O okulun önüne oturdum, Atatürk büstü var karşımda. Hıçkıra hıçkıra ağlıyorum. Bir yandan da utanıyorum, ağladığımı kimse görmesin diyorum. Ama köyde zaten görecek kimse kalmamış. Köyde çocuk yok, genç yok. Kimse yok. Orada dedim ki "Atatürk'ün yurt dışına eğitim için gönderilenlere bir öğüdü var. “Kıvılcımlar olarak gidin, alevler olarak dönün.Ve toprağınıza bir meşale yakın.” Ben de toprağıma bir meşale yakmaya karar verdim.
Dedemin traktörü satılmış. Ona çok ağladım yine. Bir ağlama süreci, bir yas süreci dedim. Yas süreci bitti. Sonra dediler ki: "Tarlaları satacağız." "Neden?" dedim. Eee anneannem çok yaşlandı. Ekip dikemez ne yapacak ki? En azından hani faydalı bir şeye dönüştürelim. "Satamazsınız." dedim. Çiftçilik yapacağım deyince, “yapamazsın, batarsın, iflas edersin” dediler. Bence mucize orada başlıyor. Bir kadına yapamazsın dediğiniz yerde hayır ben yaparım yapacağım dediğiniz yerde başlıyor her şey.
Burdur Kayalı’da 8 yıldır susuz tarım yapıyor
Susuz tarım macerası böyle başladı. Tam 8 yıldır Burdur'un Karamanlı ilçesine bağlı Kayalı köyünde susuz tarım yapıyorum ve Burdur'un ilk dermo kozmetik şirketinin kurucusuyum. Susuz tarım, Anadolu'nun kadim kuru tarım bilgisinin üzerine en güncel bilgilerle inşa edilmiş bir tarım modeli.
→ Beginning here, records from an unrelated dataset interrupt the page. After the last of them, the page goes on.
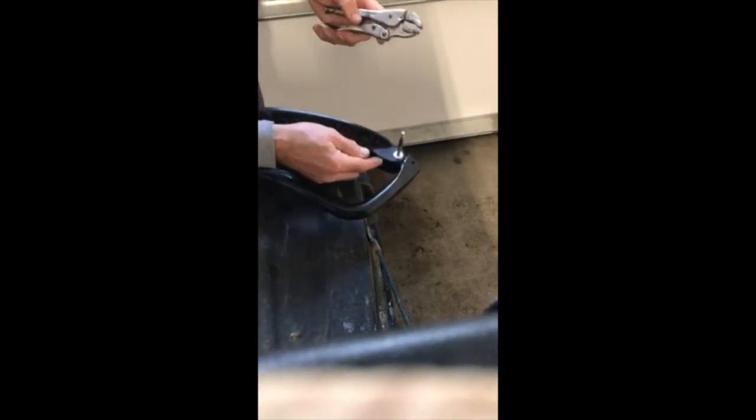All we're going to do is take a regular old punch — you can use a nail punch — stick it in your ski right in here. Give her a little tap to get it in there and get it snug.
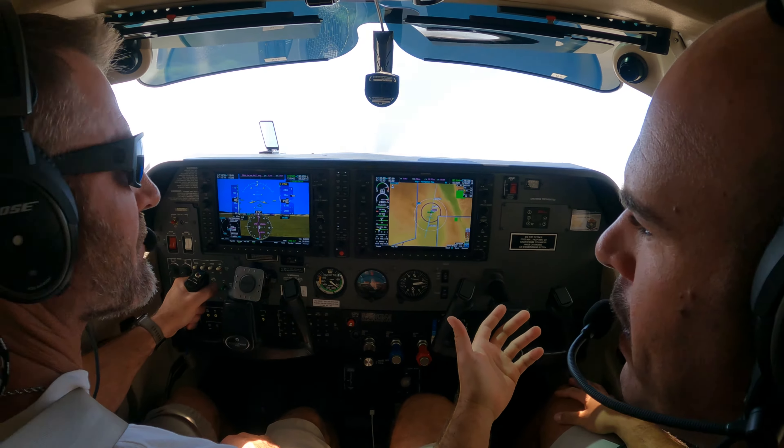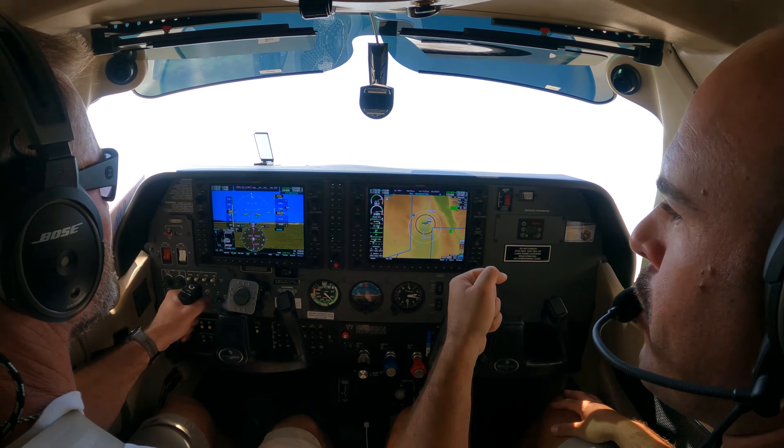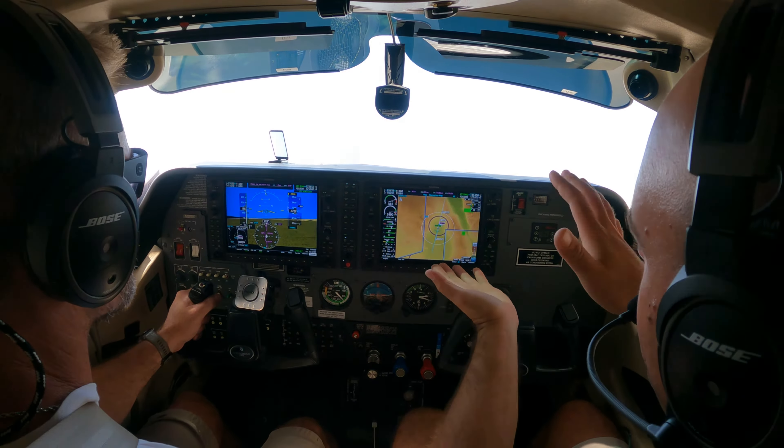Keep the nose up a little more — more, more, more. Good. Just like this. This is the side picture. More. Keep the nose up. Good.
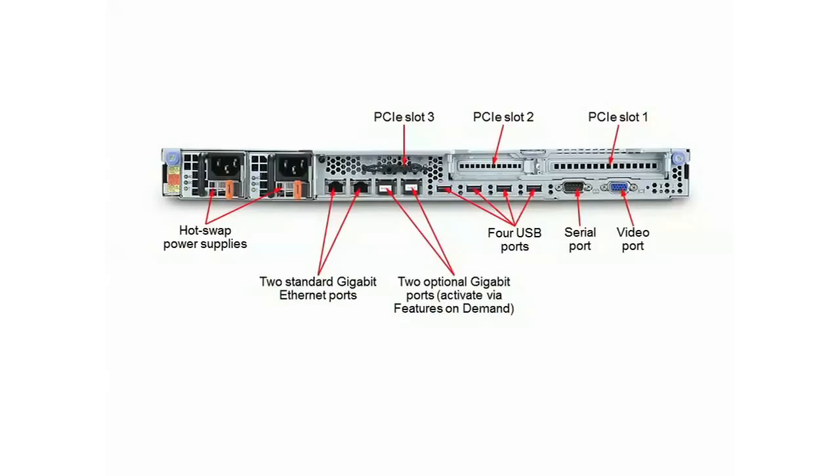To the right of the power supplies are four gigabit Ethernet ports. Two are enabled as standard. If you want, you can enable the third and fourth ports using IBM Features On Demand — a licensing program where the server comes with a component but you only pay for it when you need it. Next to the Ethernet ports are four USB ports plus a serial port and a video port.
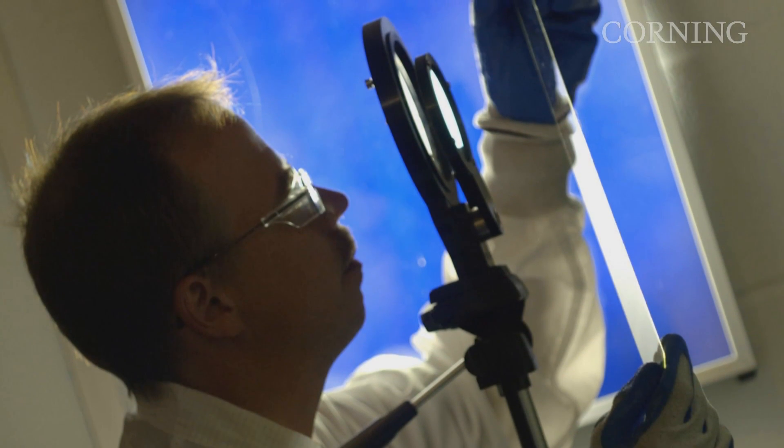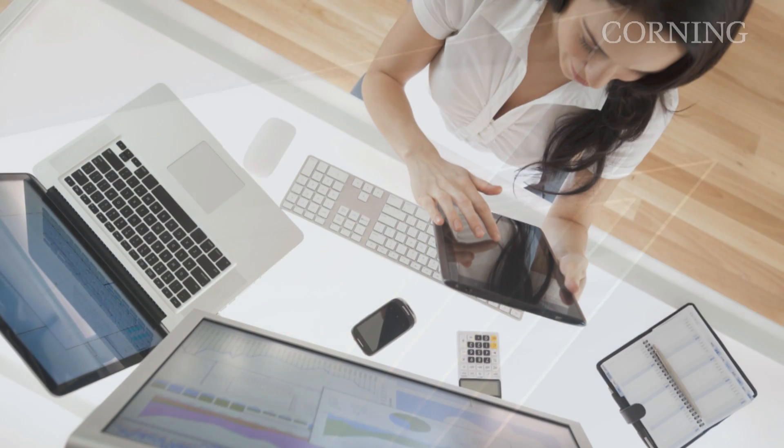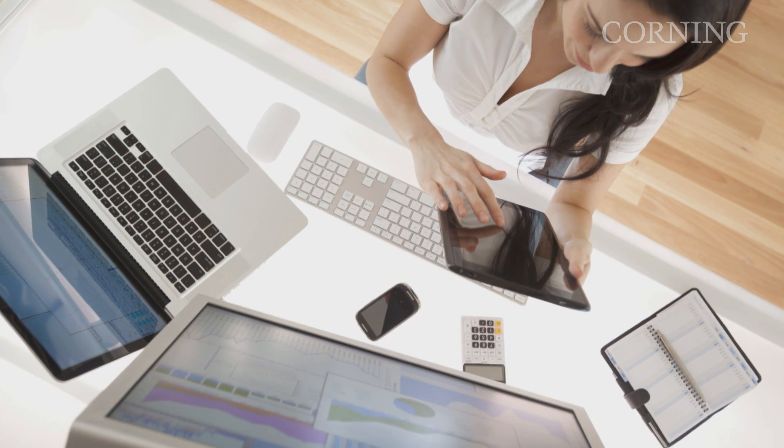Most roadmaps for Ultrabooks specify a target glass thickness of 0.3 millimeters. The way many panel makers achieve that today is they start with a thicker substrate, which is subsequently thinned by an expensive acid etching process. Eagle XG Slim glass substrates come in 0.4 and 0.3 millimeters up to Gen 5, which is ideal for displays used in mobile devices.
Yalnızca fide dikme esnasında can suyu veriyorsunuz. Ardından bir daha sulama yapmıyorsunuz. Bundan 8 yıl önce bitkilerimizi diktiğimiz zaman sulama yaptık. Bir daha sulama yapmıyoruz. Başka teknikler kullanıyoruz. Bu sayede hem kısıtlı su kaynaklarımızı muhafaza edebiliyoruz. Hem de çok kazandıran stratejik ürünler üretmiş oluyoruz. Toprağın melekleri adını verdiğimiz kadın kolektifi de bu anlamda kadınla dayanışmasının mucizelerini gösteriyor. Katma değerli ürünler yaratıyoruz. Bugün itibariyle toprağın meleklerinin ürettiği fideler ve katma değerli ürünler Türkiye'nin dört bir yanına ulaşıp İnşallah dünyanın dört bir yanına ulaşmış olur sizlerin de sayesinde.”